Moi, je vois des signes de progrès. Pour la première fois, on a un premier ministre anglophone qui vient de l’Ouest canadien, qui fait figure de modèle en matière de respect de la dualité linguistique dans toutes ses interventions publiques. Pour la première fois, il y a un ministre responsable des Langues officielles, James Moore, qui est un anglophone bilingue de la Colombie-Britannique. De son côté, le ministre de l’Immigration, Jason Kenney, vient de Calgary et parle aussi les deux langues.
Il existe des phénomènes qui font en sorte qu’on ne s’aperçoit pas du progrès accompli. Quand un changement social se fait, il devient invisible. Qui remarque qu’on ne fume plus au bureau ou dans les restaurants? Que tout le monde s’attache en embarquant dans une auto? Il y a 40 ans, les affiches bilingues des parcs nationaux subissaient du vandalisme; rien de la sorte n’est arrivé aux Jeux olympiques de Vancouver.
De plus, il y a 40 ans, l’anglais dominait, non seulement dans la fonction publique, mais aussi dans les rues de Montréal. La situation du français s’est améliorée au Québec grâce aux lois linguistiques québécoises. Nos attentes sont plus élevées aujourd’hui que par le passé.

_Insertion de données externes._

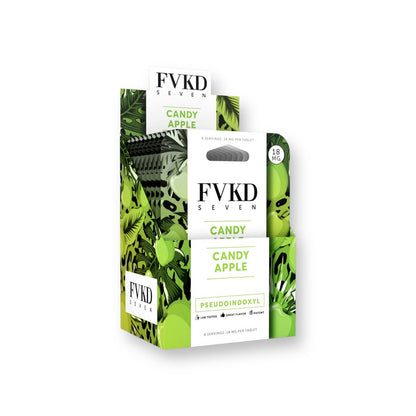 FVKD Seven Pseudoindoxyl Tablets Candy Apple 18mg 4ct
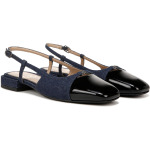 Туфли на плоской подошве Sam Edelman Kara 2, цвет Hudson Navy/Black - фото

Tout cela pour dire que oui, nous faisons face à des défis constants. Il faut reconnaître que lorsqu’un francophone reçoit un accueil impoli et en anglais seulement à la frontière, malgré la présence d’un écriteau indiquant que le service est offert dans les deux langues, ce n’est pas seulement la politique linguistique qui en prend un coup, mais le pays dans son ensemble. La Loi sur les langues officielles ne constitue pas seulement une suite d’obligations, mais également un engagement, une promesse. Chaque fois que l’engagement est rompu, que la promesse est brisée, c’est un échec qu’une centaine de réussites n’arriveront peut-être jamais à contrebalancer.